_TASK REQUIREMENTS_
Exactly the lines starting at the line containing "Modern dining area" and ending at the line containing "girl in 1970s" are to be written out from the listing below, both included.

_THE DATA_

§

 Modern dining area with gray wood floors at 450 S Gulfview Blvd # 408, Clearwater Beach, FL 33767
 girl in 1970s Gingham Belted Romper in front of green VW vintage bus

§

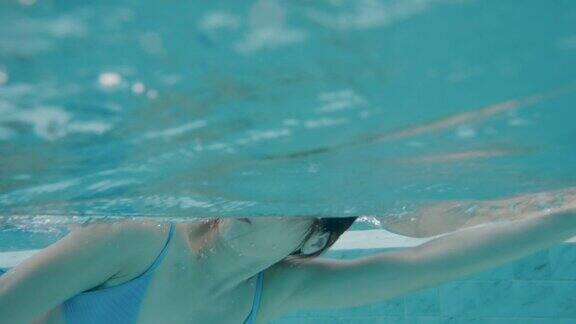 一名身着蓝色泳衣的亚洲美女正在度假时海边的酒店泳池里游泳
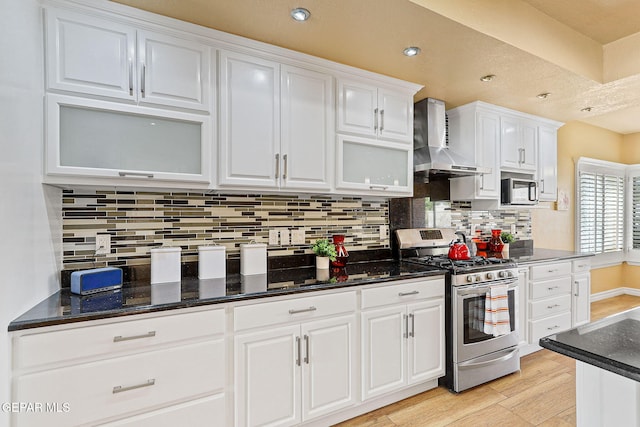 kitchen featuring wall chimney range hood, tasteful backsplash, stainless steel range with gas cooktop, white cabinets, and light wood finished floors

§

_ANSWER SECTION_
 Modern dining area with gray wood floors at 450 S Gulfview Blvd # 408, Clearwater Beach, FL 33767
 girl in 1970s Gingham Belted Romper in front of green VW vintage bus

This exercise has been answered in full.